* [AVAILABLE RECORDS]:
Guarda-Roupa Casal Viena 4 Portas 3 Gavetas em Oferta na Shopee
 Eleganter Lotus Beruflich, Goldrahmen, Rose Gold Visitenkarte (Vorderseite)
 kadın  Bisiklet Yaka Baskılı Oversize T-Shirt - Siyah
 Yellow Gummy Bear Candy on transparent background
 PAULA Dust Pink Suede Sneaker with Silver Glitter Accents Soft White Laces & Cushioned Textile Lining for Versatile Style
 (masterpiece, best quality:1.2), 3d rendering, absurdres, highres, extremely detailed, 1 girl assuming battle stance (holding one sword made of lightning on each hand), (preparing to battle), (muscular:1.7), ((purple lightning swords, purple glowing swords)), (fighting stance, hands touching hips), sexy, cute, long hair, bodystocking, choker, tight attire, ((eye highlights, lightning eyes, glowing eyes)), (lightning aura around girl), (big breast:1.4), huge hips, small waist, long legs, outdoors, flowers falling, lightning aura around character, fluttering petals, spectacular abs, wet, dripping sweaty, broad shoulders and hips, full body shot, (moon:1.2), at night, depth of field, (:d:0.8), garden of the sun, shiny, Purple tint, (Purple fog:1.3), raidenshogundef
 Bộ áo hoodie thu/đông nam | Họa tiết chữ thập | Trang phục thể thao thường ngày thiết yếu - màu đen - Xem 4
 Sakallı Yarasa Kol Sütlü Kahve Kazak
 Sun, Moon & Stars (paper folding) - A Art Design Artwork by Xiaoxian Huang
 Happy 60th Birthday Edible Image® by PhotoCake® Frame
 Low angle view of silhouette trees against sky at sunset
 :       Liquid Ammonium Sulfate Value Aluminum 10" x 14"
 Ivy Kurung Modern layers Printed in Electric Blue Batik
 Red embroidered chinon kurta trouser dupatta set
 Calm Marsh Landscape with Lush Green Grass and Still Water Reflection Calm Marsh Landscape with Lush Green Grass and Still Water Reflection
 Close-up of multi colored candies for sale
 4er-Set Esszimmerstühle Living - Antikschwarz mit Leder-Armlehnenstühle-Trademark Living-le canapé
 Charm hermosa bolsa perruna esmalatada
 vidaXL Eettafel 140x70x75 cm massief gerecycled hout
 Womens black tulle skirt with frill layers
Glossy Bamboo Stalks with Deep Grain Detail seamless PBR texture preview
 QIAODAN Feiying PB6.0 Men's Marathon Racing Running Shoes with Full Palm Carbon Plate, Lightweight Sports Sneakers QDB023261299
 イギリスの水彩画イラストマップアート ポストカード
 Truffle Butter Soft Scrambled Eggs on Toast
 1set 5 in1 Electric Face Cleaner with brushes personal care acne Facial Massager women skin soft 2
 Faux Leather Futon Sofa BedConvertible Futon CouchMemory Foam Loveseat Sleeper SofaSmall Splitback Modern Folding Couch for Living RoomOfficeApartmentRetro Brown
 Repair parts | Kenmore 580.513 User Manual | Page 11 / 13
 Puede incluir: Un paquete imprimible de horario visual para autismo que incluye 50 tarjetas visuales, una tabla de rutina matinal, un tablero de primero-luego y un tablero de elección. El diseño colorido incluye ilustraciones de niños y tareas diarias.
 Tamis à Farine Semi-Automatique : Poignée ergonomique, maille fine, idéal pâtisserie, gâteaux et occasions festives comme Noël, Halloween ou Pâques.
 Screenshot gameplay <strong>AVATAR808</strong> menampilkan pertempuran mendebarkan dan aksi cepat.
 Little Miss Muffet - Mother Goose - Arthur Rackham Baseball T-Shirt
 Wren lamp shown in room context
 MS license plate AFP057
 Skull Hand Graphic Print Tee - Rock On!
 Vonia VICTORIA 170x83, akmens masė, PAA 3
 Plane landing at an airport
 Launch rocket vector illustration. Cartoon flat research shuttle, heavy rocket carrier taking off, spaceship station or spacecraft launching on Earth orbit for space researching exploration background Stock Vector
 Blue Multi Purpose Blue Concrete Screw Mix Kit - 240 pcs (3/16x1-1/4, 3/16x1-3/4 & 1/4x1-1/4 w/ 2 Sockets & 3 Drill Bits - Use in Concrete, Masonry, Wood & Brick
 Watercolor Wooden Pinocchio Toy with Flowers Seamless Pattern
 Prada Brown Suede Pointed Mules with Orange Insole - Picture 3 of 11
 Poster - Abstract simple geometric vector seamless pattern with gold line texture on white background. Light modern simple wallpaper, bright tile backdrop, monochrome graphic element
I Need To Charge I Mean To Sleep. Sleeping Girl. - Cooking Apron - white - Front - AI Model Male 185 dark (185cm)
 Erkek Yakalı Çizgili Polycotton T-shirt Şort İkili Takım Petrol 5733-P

* [TRY IT]: For each line of the data that has the word "Brown", report that line.

* [OUTPUT BELOW]:
 Faux Leather Futon Sofa BedConvertible Futon CouchMemory Foam Loveseat Sleeper SofaSmall Splitback Modern Folding Couch for Living RoomOfficeApartmentRetro Brown
 Prada Brown Suede Pointed Mules with Orange Insole - Picture 3 of 11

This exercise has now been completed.